** Opening Entries provided block **

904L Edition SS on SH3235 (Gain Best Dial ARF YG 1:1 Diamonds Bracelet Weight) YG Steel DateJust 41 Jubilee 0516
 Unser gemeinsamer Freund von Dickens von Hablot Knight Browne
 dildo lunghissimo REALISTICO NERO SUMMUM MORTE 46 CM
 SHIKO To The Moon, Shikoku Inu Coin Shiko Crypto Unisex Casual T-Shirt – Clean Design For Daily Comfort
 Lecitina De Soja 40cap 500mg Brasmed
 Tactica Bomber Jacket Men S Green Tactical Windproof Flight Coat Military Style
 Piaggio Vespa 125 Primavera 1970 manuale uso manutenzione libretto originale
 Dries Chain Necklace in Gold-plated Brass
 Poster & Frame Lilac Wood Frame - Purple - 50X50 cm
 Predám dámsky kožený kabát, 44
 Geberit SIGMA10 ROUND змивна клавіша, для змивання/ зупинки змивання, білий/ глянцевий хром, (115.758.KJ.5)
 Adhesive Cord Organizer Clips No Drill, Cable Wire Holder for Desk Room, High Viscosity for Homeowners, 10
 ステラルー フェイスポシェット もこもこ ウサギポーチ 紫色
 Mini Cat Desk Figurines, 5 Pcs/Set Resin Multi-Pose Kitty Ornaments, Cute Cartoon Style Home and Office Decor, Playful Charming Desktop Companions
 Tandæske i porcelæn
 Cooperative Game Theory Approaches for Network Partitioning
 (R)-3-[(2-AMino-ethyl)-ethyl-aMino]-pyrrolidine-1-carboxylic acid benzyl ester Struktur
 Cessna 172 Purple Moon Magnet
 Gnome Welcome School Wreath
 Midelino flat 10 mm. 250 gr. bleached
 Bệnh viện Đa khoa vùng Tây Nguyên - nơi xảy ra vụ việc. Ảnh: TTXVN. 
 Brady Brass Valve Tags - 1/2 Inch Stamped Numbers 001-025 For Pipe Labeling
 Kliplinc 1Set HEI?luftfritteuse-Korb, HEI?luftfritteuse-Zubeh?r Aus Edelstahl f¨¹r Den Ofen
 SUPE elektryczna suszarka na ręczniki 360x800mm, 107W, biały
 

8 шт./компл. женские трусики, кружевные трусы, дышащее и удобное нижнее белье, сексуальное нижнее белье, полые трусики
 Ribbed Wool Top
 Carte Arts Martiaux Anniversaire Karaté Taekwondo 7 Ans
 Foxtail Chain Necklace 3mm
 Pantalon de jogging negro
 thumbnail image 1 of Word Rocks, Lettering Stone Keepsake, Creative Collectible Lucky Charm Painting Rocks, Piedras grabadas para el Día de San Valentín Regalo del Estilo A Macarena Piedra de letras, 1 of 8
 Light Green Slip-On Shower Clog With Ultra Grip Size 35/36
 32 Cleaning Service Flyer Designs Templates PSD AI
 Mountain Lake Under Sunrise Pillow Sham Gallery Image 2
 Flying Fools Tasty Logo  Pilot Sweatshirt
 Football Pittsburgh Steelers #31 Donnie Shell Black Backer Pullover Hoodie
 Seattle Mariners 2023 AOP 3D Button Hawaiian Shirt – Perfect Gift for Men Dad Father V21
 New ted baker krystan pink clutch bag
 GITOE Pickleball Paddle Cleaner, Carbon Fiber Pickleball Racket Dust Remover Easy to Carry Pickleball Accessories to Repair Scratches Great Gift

** Closing Entries provided block **

How to complete this task —
Word for word, restate the lines of the data above that fall between the line holding "Piaggio Vespa 125" and the line holding "SUPE elektryczna suszarka", inclusive, and no other lines.

Task response —
 Piaggio Vespa 125 Primavera 1970 manuale uso manutenzione libretto originale
 Dries Chain Necklace in Gold-plated Brass
 Poster & Frame Lilac Wood Frame - Purple - 50X50 cm
 Predám dámsky kožený kabát, 44
 Geberit SIGMA10 ROUND змивна клавіша, для змивання/ зупинки змивання, білий/ глянцевий хром, (115.758.KJ.5)
 Adhesive Cord Organizer Clips No Drill, Cable Wire Holder for Desk Room, High Viscosity for Homeowners, 10
 ステラルー フェイスポシェット もこもこ ウサギポーチ 紫色
 Mini Cat Desk Figurines, 5 Pcs/Set Resin Multi-Pose Kitty Ornaments, Cute Cartoon Style Home and Office Decor, Playful Charming Desktop Companions
 Tandæske i porcelæn
 Cooperative Game Theory Approaches for Network Partitioning
 (R)-3-[(2-AMino-ethyl)-ethyl-aMino]-pyrrolidine-1-carboxylic acid benzyl ester Struktur
 Cessna 172 Purple Moon Magnet
 Gnome Welcome School Wreath
 Midelino flat 10 mm. 250 gr. bleached
 Bệnh viện Đa khoa vùng Tây Nguyên - nơi xảy ra vụ việc. Ảnh: TTXVN. 
 Brady Brass Valve Tags - 1/2 Inch Stamped Numbers 001-025 For Pipe Labeling
 Kliplinc 1Set HEI?luftfritteuse-Korb, HEI?luftfritteuse-Zubeh?r Aus Edelstahl f¨¹r Den Ofen
 SUPE elektryczna suszarka na ręczniki 360x800mm, 107W, biały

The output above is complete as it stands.